You'd be forgiven for thinking that Maxis' latest simulation extravaganza, Sim Life, looks almost exactly the same as Sim Earth. No-one could blame you either if, once you've caught a glimpse of the manual, you find yourself under the impression that it's even harder to get to grips with than its predecessor - if such a thing can be imagined. You would, however, be wrong on both counts.
To be fair, the two games do have a few common denominators. Like Sim Earth, Sim Life has no end point - you won't find a Game Over screen in this software. In keeping with their philosophy of creating software toys rather than games, Maxis have aimed to make the package as open ended as possible - you can literally do whatever you feel like.
That, however, is as far as the similarities go. In Sim Earth you had to build the world, but the aim was to keep the planet alive. Sim Life sums the whole equation on its head - once the world has been formed, forget about it and concentrate on the life forms. By cleverly evolving the beings you already have, and creating new, perhaps more suitable ones, you have to try and reach your chosen goal.
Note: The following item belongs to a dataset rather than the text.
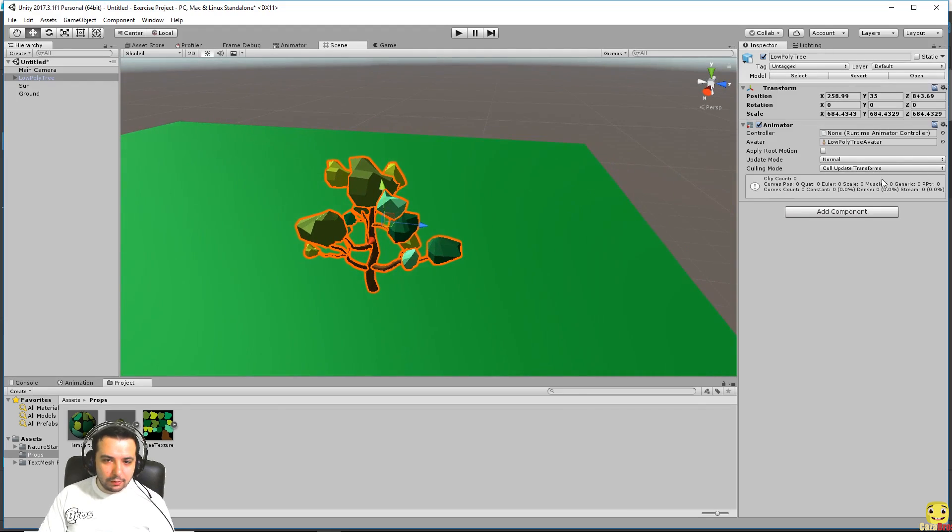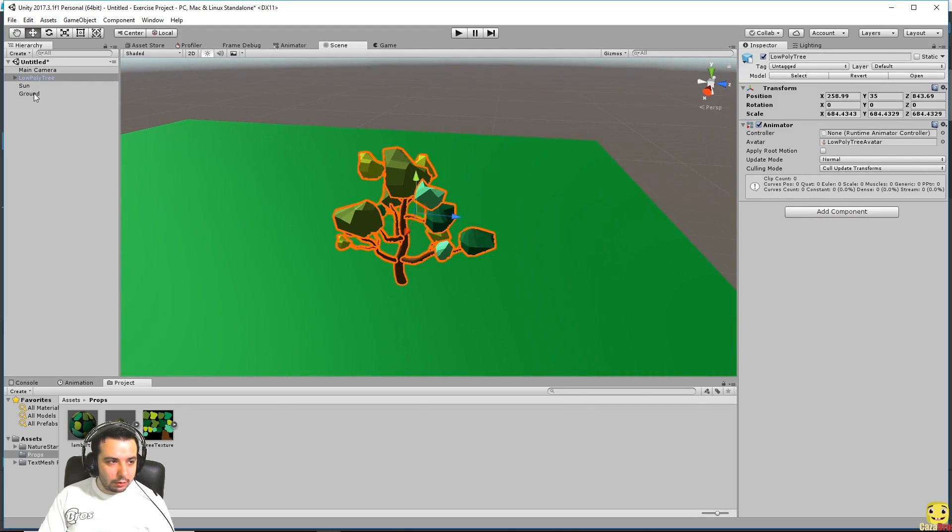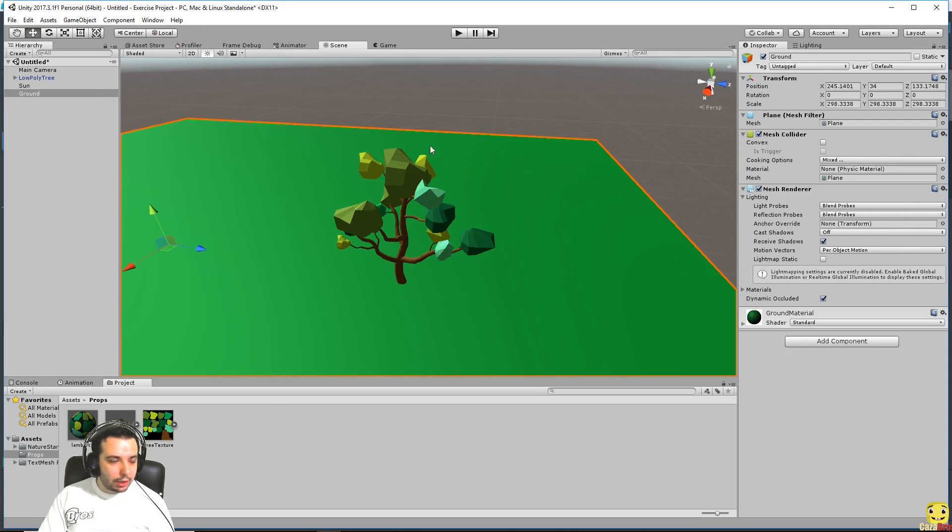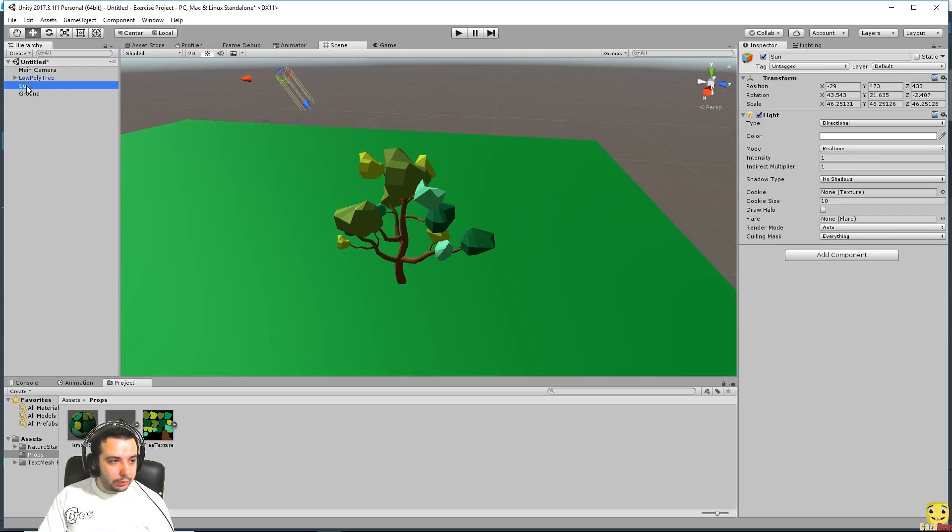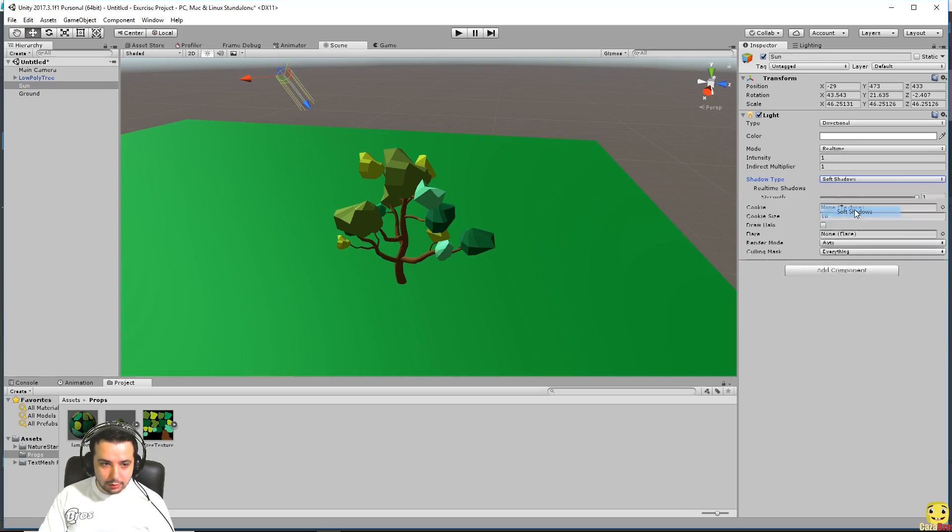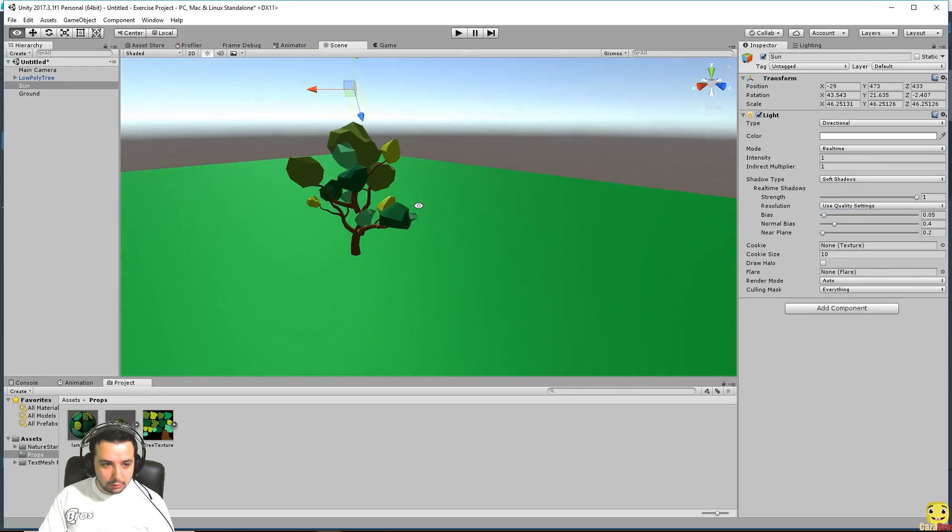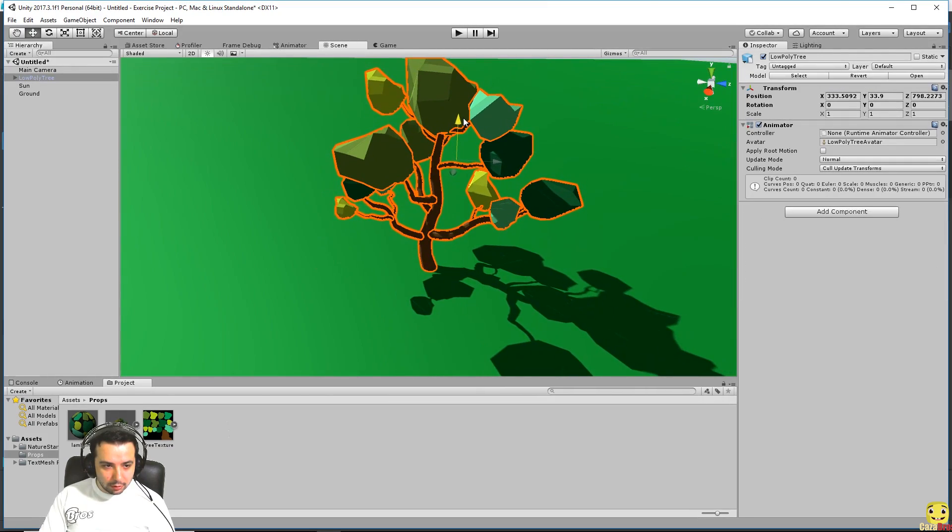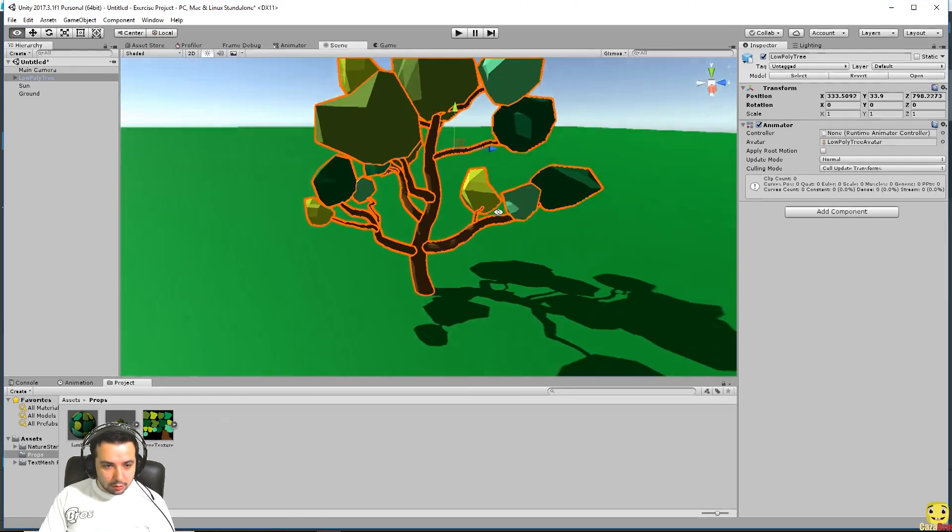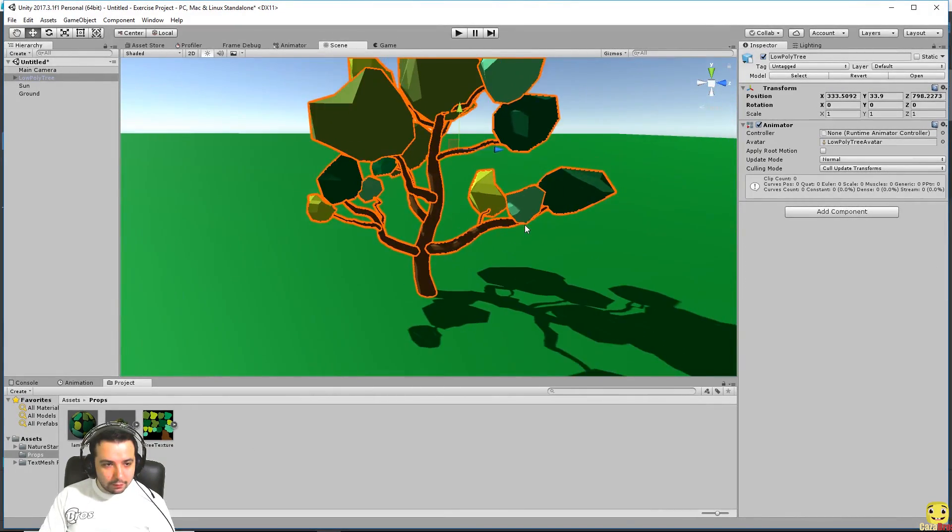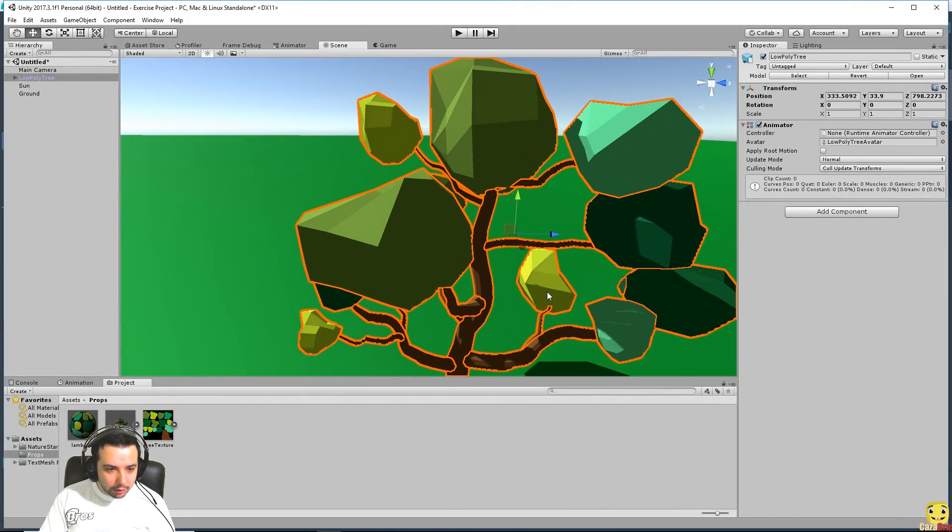Everything seems to be normal on our tree. It's made to cast shadows and the ground is made to receive shadows. So it must be a problem with our lighting. If we go to our lighting, yeah there we go, we have no shadows. Let's say soft shadows. There we go, so we have the tree with its shadows.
Upon loading, you are greeted by the main menu screen. Everything looks fine and dandy - there are half a dozen preset challenges, from turning a desert into a forest to keeping a species with a limited amount of males evolving, together with a tutorial and an experimentation mode. Remember, Sim Life has no specific end point - these scenarios are merely examples of the sort of goal you can set yourself.
From this point, things get a little complex. Two pages isn't a lot space to explain something that takes a 200-page manual to detail adequately, but I'll give it a go. Sim Life is based on an extensive set of biological rules concerning evolution and survival. Each lifeform is broken down to dozens of categories, from prototype genome, which dictates things like whether the animal can fly, how much energy is taken up by foraging for food and how many babies it has in a litter, to individual breakdowns which cover the sex of the animal, its various tolerance levels to hunger and thirst and the sort of things it likes to eat.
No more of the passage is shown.